(Web page caption snippets)

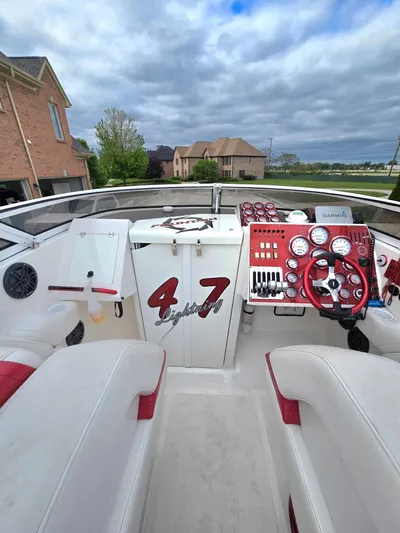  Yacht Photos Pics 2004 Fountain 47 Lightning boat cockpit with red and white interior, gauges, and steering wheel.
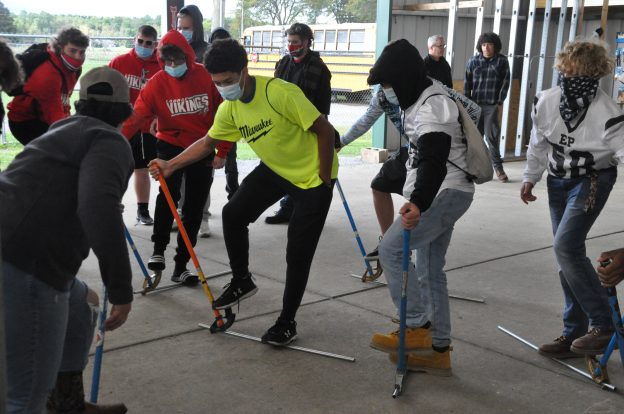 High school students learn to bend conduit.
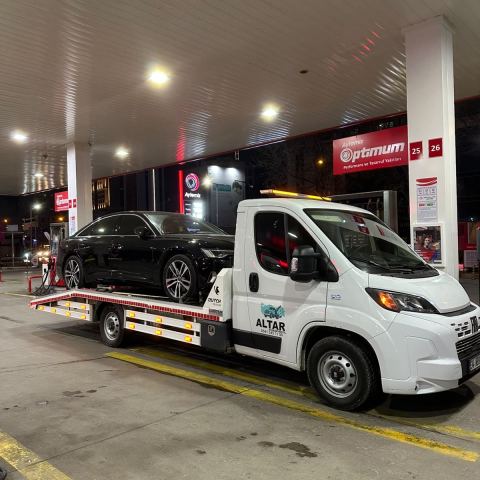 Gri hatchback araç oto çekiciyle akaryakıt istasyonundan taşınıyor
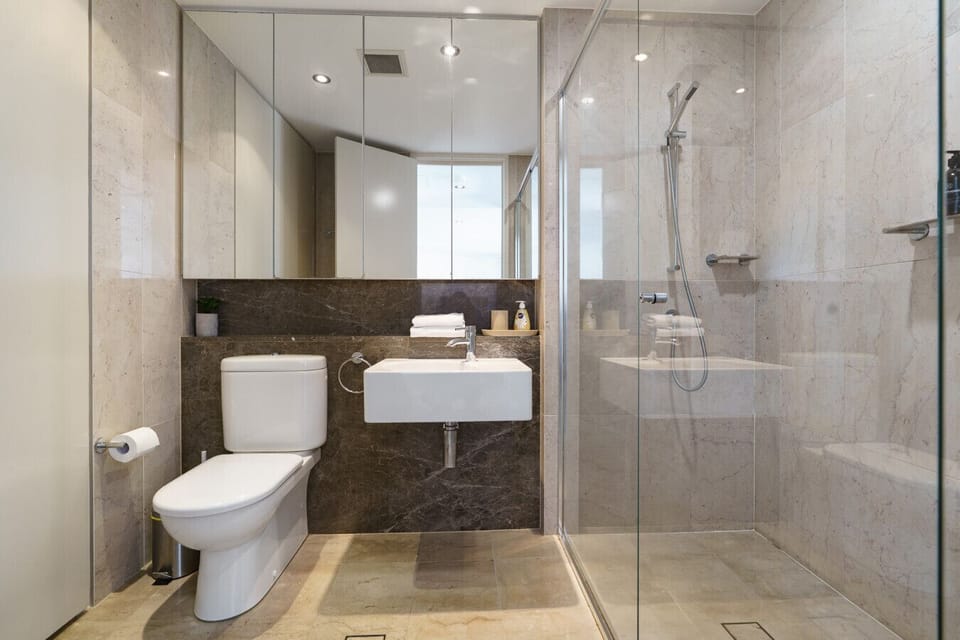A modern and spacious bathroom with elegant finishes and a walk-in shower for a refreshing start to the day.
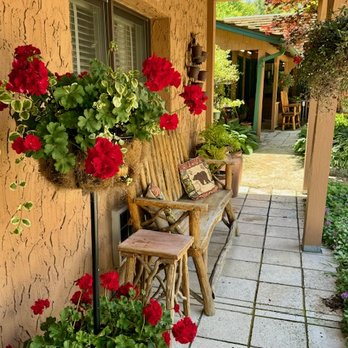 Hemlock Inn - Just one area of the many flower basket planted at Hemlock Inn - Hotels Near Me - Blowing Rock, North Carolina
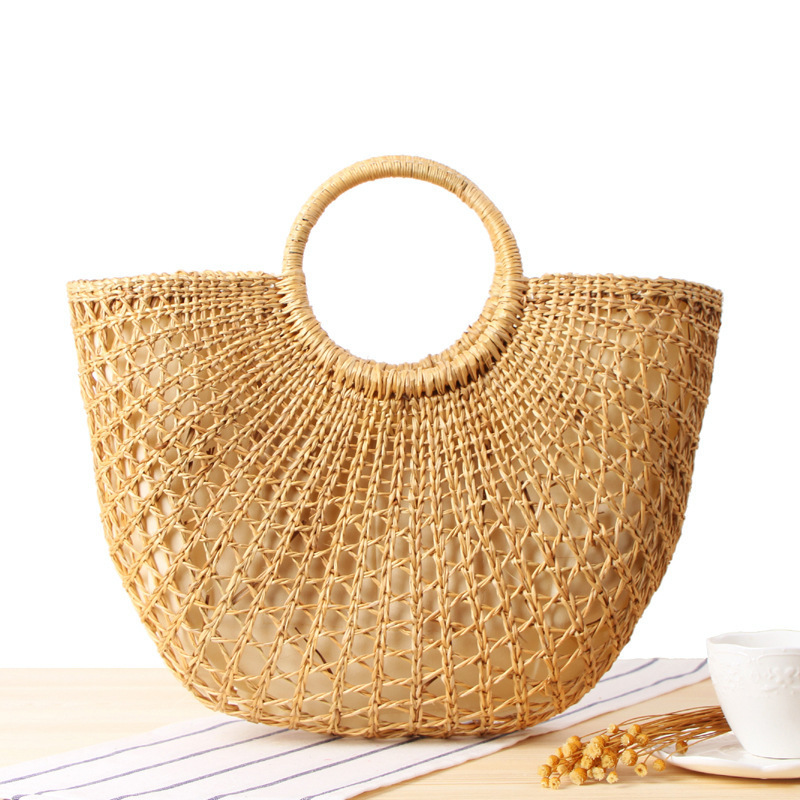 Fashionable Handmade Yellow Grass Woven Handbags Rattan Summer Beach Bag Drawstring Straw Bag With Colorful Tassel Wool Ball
---
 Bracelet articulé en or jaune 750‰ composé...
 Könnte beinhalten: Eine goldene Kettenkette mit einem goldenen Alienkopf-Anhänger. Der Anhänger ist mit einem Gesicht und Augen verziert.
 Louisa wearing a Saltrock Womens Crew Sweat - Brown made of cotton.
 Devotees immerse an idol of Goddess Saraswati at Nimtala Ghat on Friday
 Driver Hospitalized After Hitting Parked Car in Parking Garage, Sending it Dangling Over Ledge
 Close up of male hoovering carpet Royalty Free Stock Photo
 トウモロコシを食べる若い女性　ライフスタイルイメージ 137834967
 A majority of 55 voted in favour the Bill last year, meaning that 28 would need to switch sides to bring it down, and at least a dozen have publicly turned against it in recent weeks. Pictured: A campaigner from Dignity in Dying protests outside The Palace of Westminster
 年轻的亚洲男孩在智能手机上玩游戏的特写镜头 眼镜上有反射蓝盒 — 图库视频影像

[WHAT IS NEEDED] Text only, no pictures: please print exactly the lines above from the line with "Yacht Photos Pics" up to and including the line with "Fashionable Handmade Yellow", and nothing else.

[ANSWER FOR THIS EXERCISE]
  Yacht Photos Pics 2004 Fountain 47 Lightning boat cockpit with red and white interior, gauges, and steering wheel.
 High school students learn to bend conduit.
 Gri hatchback araç oto çekiciyle akaryakıt istasyonundan taşınıyor
A modern and spacious bathroom with elegant finishes and a walk-in shower for a refreshing start to the day.
 Hemlock Inn - Just one area of the many flower basket planted at Hemlock Inn - Hotels Near Me - Blowing Rock, North Carolina
 Fashionable Handmade Yellow Grass Woven Handbags Rattan Summer Beach Bag Drawstring Straw Bag With Colorful Tassel Wool Ball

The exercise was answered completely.